Au final l’œcuménisme ne m’intéresse pas. D’abord parce que souvent on ne comprend pas grand-chose aux enjeux et querelles théologiques. Ensuite parce que les initiatives diocésaines sont rarement très motivantes : les samedi après-midi d’alternance grand groupe / petits groupes pour un échange avec repas tiré du sac, cela va 5 minutes.

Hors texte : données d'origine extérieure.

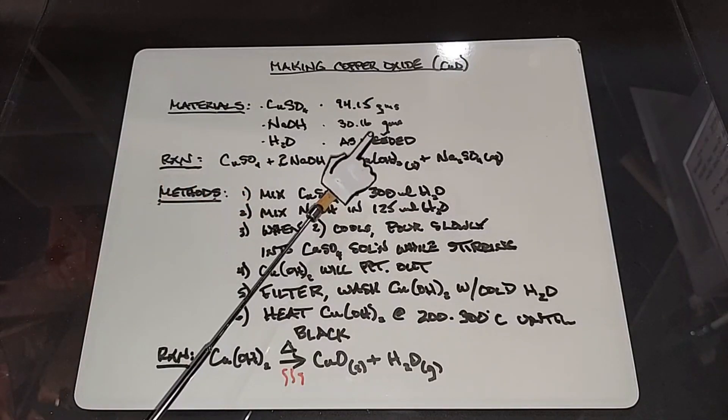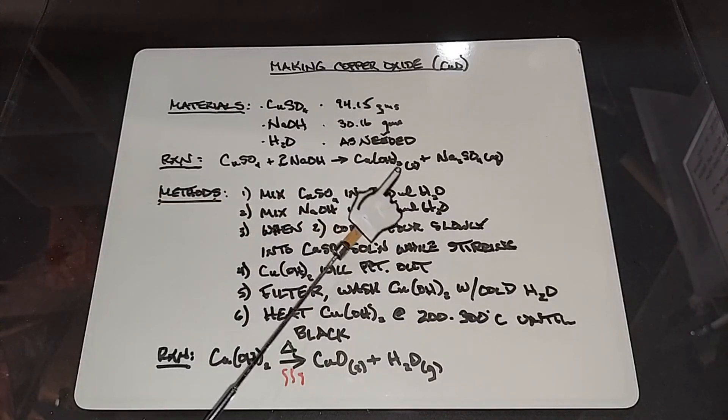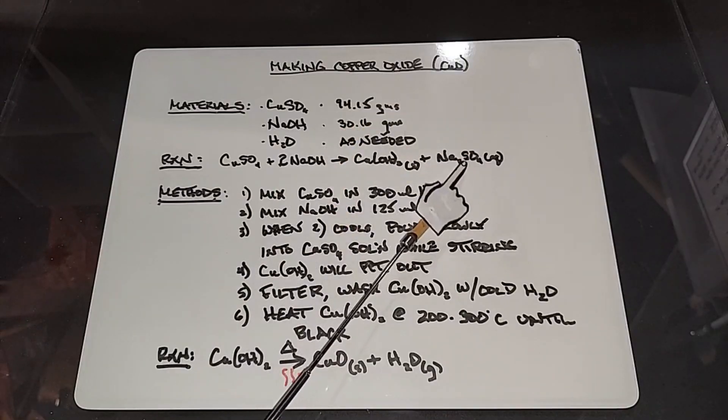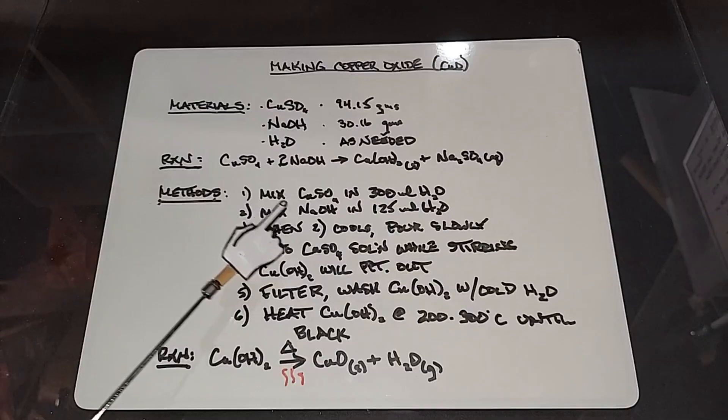And water as needed. The reaction is copper sulfate plus two sodium hydroxides yields copper hydroxide as a solid — it will precipitate — and sodium sulfate which will remain in solution aqueous.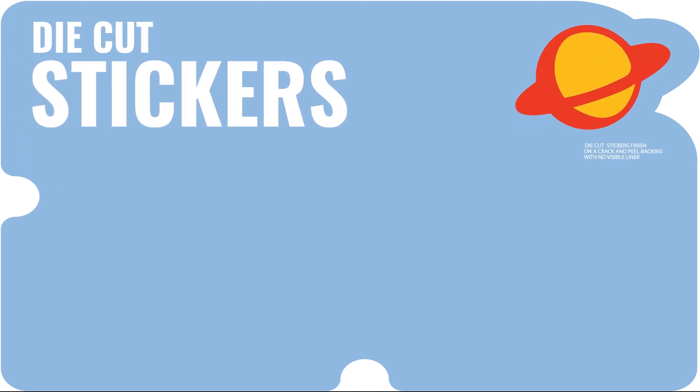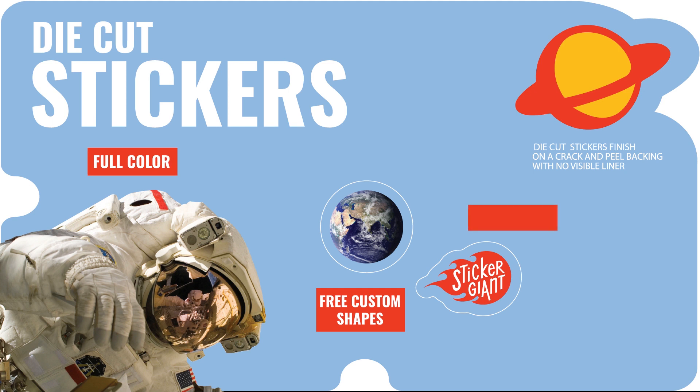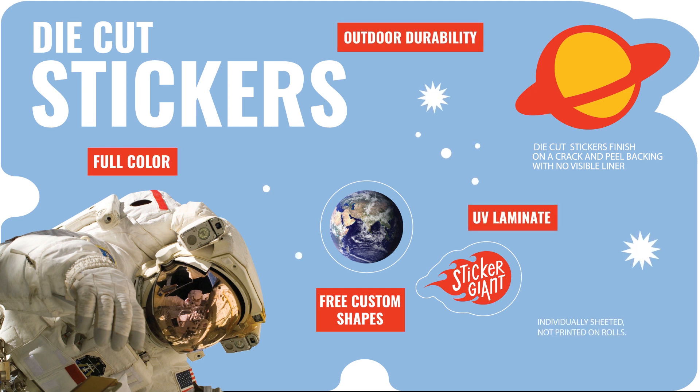Die-cut stickers are finished on a crack and peel backing with no visible liner. This is an ideal choice if you'd like a custom shape for your design. They are printed in full color with UV laminate for added outdoor durability. These stickers are individually sheeted and not available on rolls. You can expect a fast two-day turnaround on these stickers.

Enfin parce que les logiques d’une grande unité de l’Eglise me laisse perplexe.

C’est bien la raison pour laquelle je vous recommande la lecture du dernier livre de Philippe Dautais, prêtre rattaché à l’Eglise orthodoxe roumaine qui anime depuis plus de 20 ans des sessions et retraites en Dordogne.

D’Adam à Jésus, en passant par Noé et David, il nous livre ici une superbe introduction à la théologie orthodoxe, avec des textes savoureux et remplis de sens.

Car finalement, l’enjeu de l’œcuménisme est aussi ici : pouvoir redécouvrir tout un patrimoine spirituel, dans une lecture de la Parole de Dieu qui sans faire abstraction de l’intelligence de la Foi nous emmène au cœur de la Prière du Cœur.

Livre accessible à tous.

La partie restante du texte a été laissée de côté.